WORK ITEM =
Line by line, return the listing exactly, without any of the images.

Start of DATA BELOW

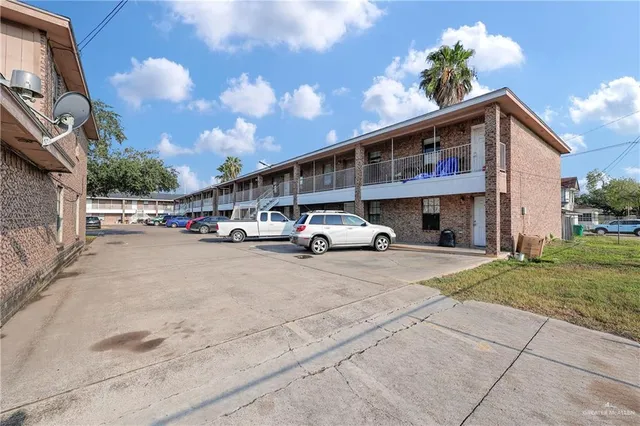 a view of building with car parked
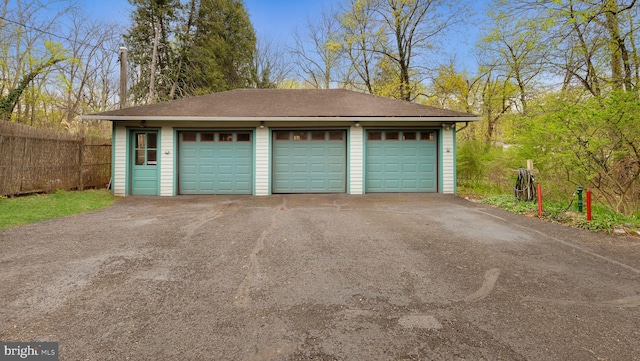 detached garage with fence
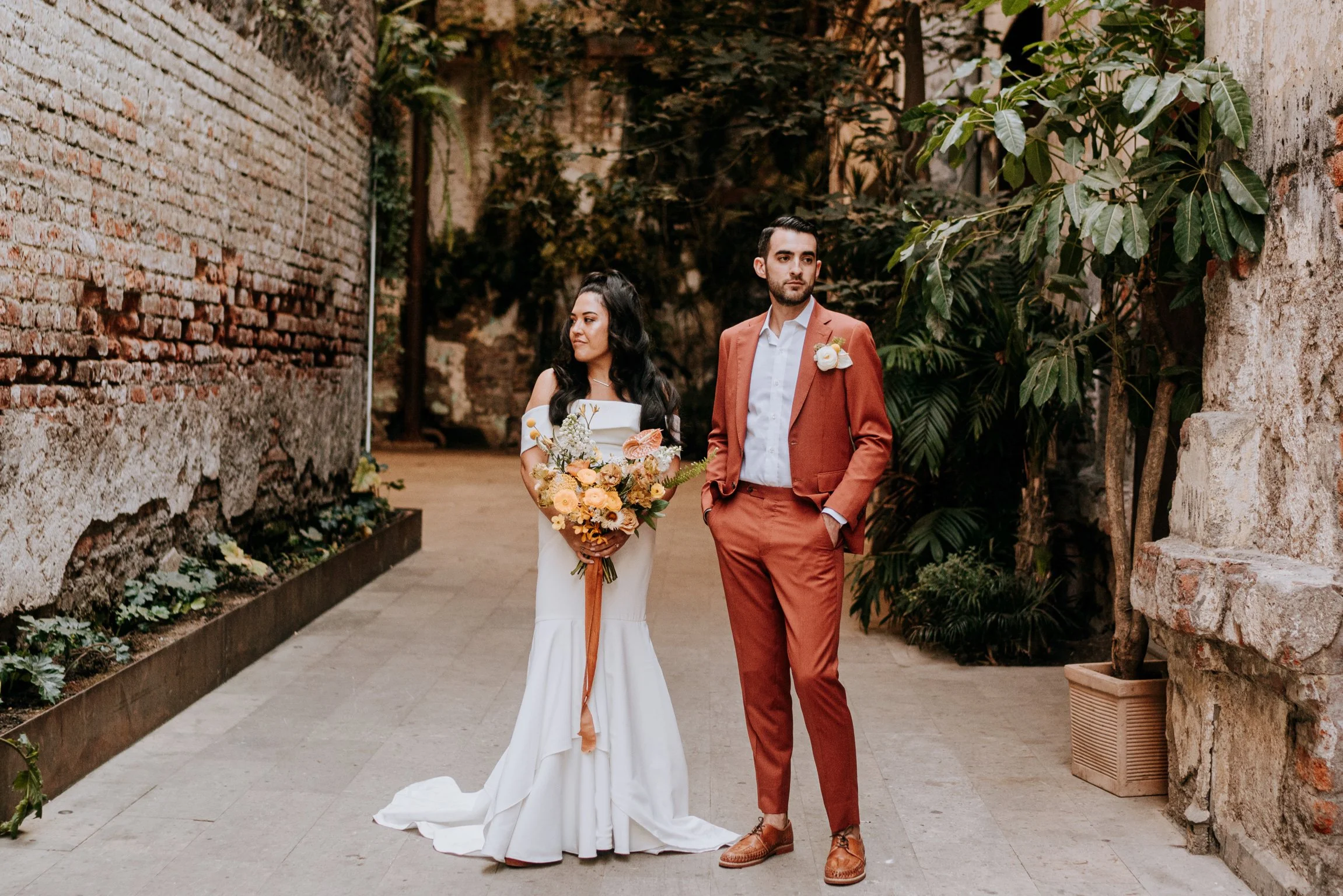 A bride in a white wedding dress holding a bouquet of flowers and a groom in a rust-colored suit standing in an outdoor garden with brick and stone walls, green plants, and trees.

End of DATA BELOW

ANSWER BOX =
 a view of building with car parked
 detached garage with fence
 A bride in a white wedding dress holding a bouquet of flowers and a groom in a rust-colored suit standing in an outdoor garden with brick and stone walls, green plants, and trees.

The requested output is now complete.